▶ [WORK REQUIRED] Repeat the whole listing word for word, skipping pictures.

▶ [GIVEN INFORMATION]
○ ○ ○

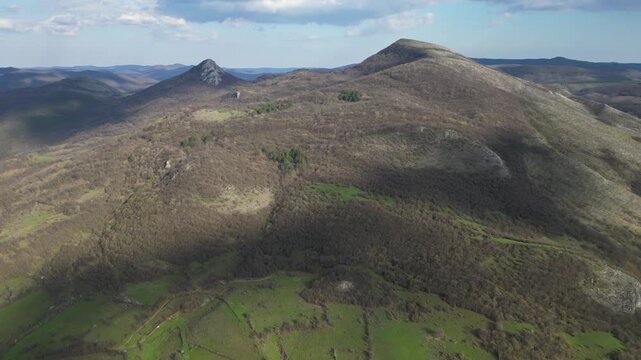 Aerial panoramic view of green hills and rural village in mountain valley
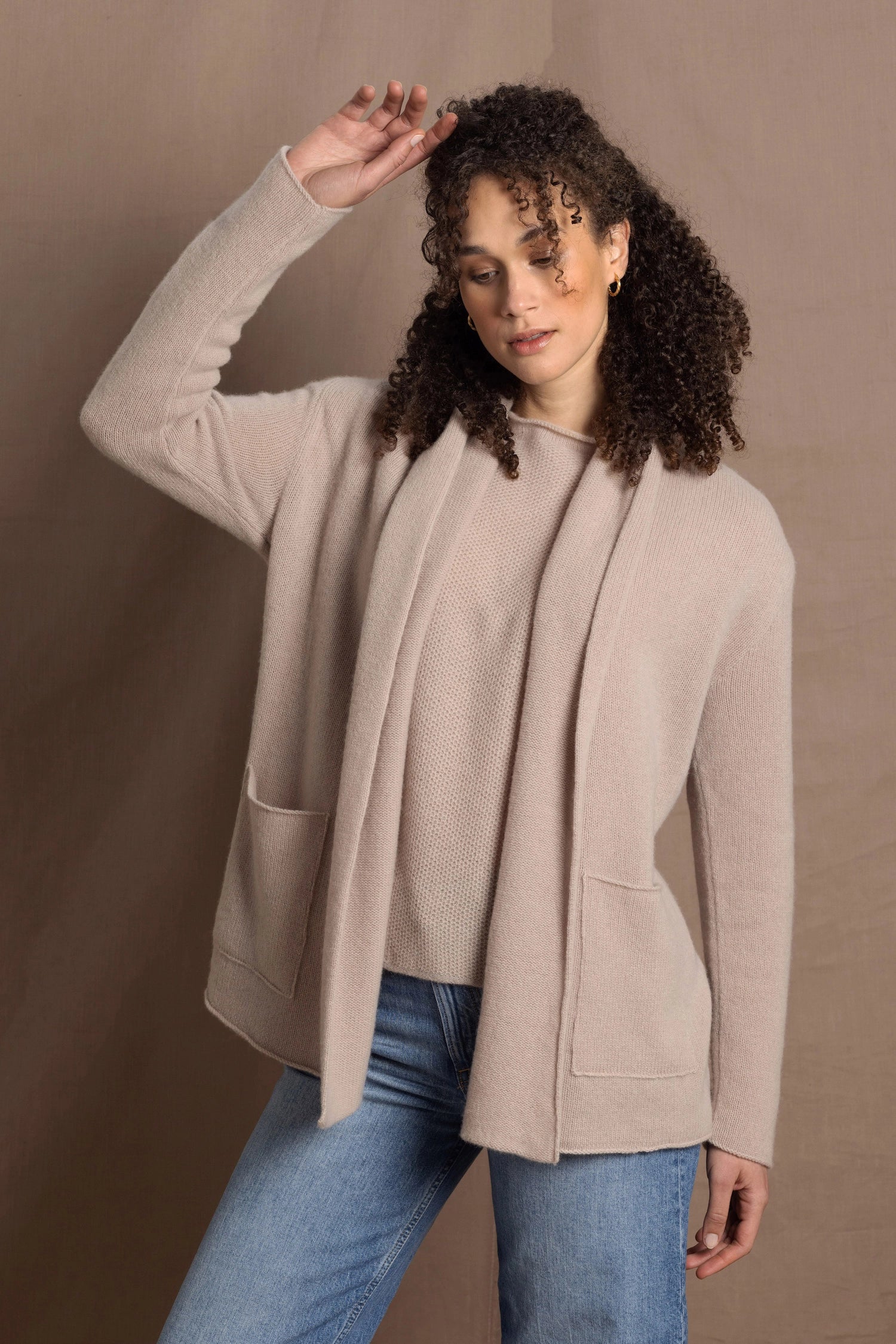 Lady wears beige coloured open cashmere cardigan over matching cashmere tee 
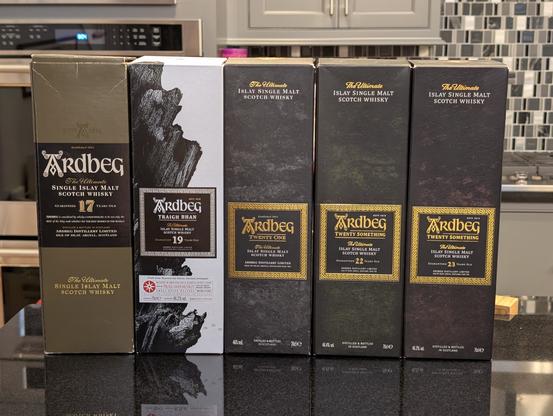 Five Ardbeg bottles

○ ○ ○

▶ [RESPONSE AREA]
 Aerial panoramic view of green hills and rural village in mountain valley
 Lady wears beige coloured open cashmere cardigan over matching cashmere tee 
 Five Ardbeg bottles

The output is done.